The poorly-attended festival began to attract scrutiny the following Monday during a city council meeting. Questioned about the event's financial standing, Baca told councilors she was working on how the city was "going to pay it off. We're in the hole, big time."
Then in early September, Cordova sent a letter to city officials asking for a special audit to review use of public funds for the event. He also asked the city to provide legal reasons for using public money.
In July, to help cover the festival's operational costs, Baca authorized $10,000 from the city's lodgers tax account. Four days before the festival, she authorized another $15,000 from the same account.
These two entries came after the lodgers tax committee denied her initial request for $7,000 to help fund the event.
After that denial, several members of committee resigned and, for a brief time, the committee lacked enough members to approve and disburse funds.
Baca has said publicly she authorized the use of the $25,000 because there wasn't a lodger's tax committee in place to field the request and she was confident Celebrate Belen would reimburse the money once the organization collected funds from sponsors.
City records show that more than a week after the festival, Celebrate Belen issued a check to the city to replace the $25,000. That money did not include the payroll expenses the city incurred, only the cost associated with planning and organizing the festival.
Cordova said the lodgers tax situation presents an excellent opportunity to explore new ways of updating the way the city disburses the funds.
"We need to consider very seriously what sort of procedural changes we need to make on how the lodgers tax functions or how the city distributes the lodgers tax," he said, "to ensure everything is always done properly and that there is always accountability in the process itself. The city's administration has certainly taken steps in the right direction."
Cordova is referring to the city council's recent approval of a new system for dispensing the lodgers taxes it collects from area hotels and motels to promote tourism. (See Page 2 for complete story.)
State law requires that all monies collected from it go toward promoting and sustaining tourism and tourist-related events.
Right now, the city has $47,000 in lodgers tax funds that it plans to disperse to several area organizations to promote activities they hope will attract visitors to the area.
Under the city's new system, the organization receiving funds must use the money to advertise and market local events and must present receipts to the lodgers tax committee within 60 days of the event.

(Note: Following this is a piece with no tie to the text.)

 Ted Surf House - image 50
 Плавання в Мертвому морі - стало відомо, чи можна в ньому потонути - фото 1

Those failing to do so will not be considered for future disbursements.
The changes, implemented in October, stem from concerns regarding the festival's funding.

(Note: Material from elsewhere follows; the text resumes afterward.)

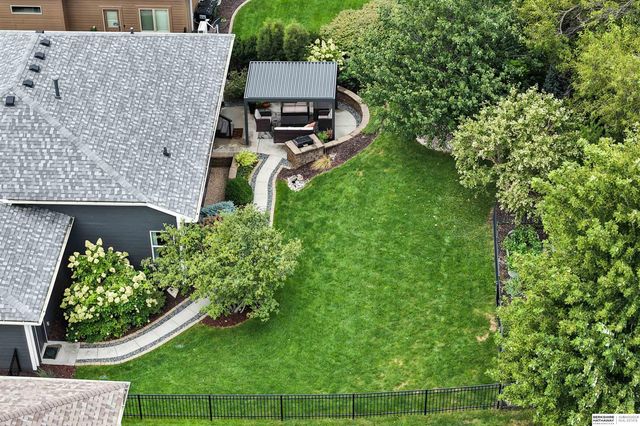19912 Maple Street, Gretna, NE 68068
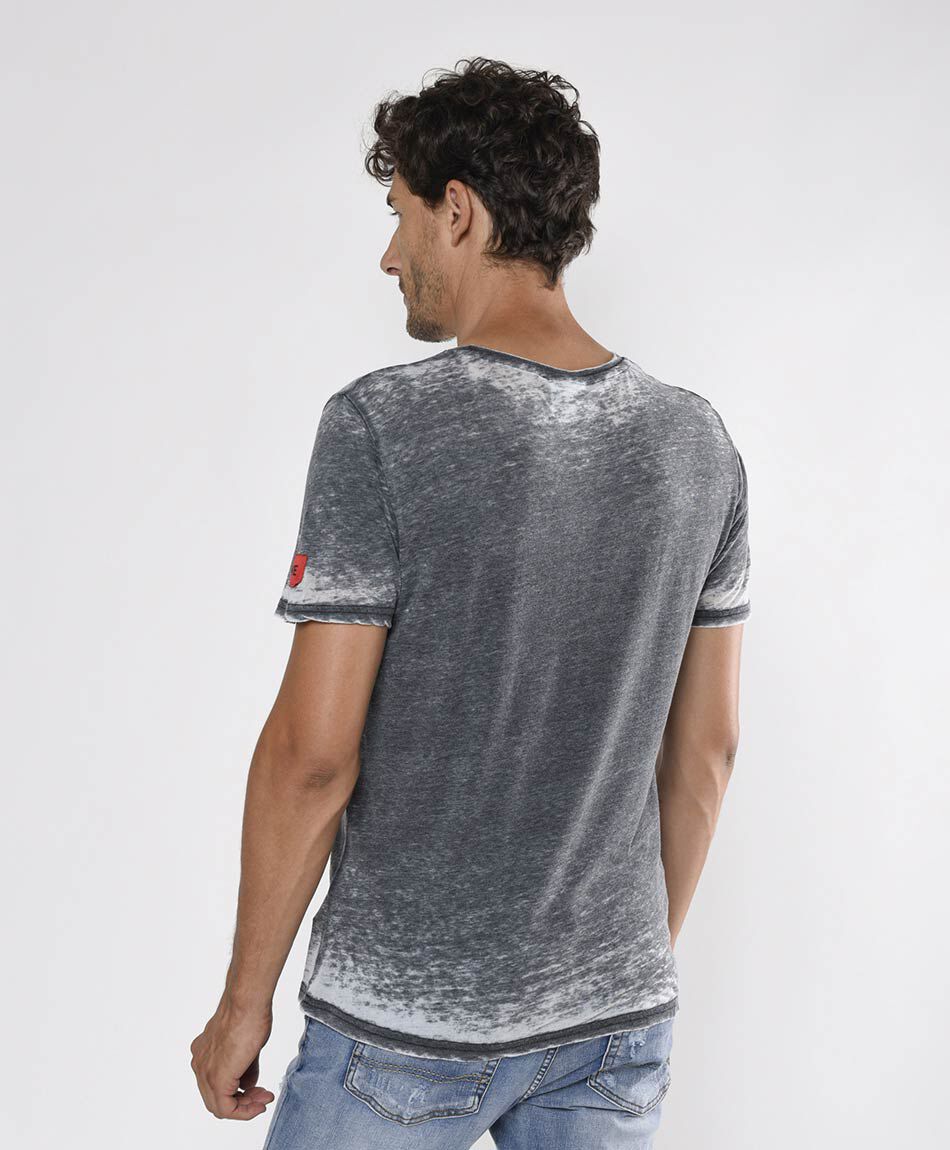 Polera hombre desgastada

Mayor Rudy Jaramillo would not answer any questions regarding use of lodgers tax funds or employee wages for Celebrate Belen's Country and Americana Music Festival.
Instead, he deferred all questions to the city's administrative staff.
"They run the city," the mayor said of Baca and Tomita. "They don't let me talk to the media.
"If you want a good taco or burrito, go to Rutillos," Jaramillo said, laughing. "That is my job."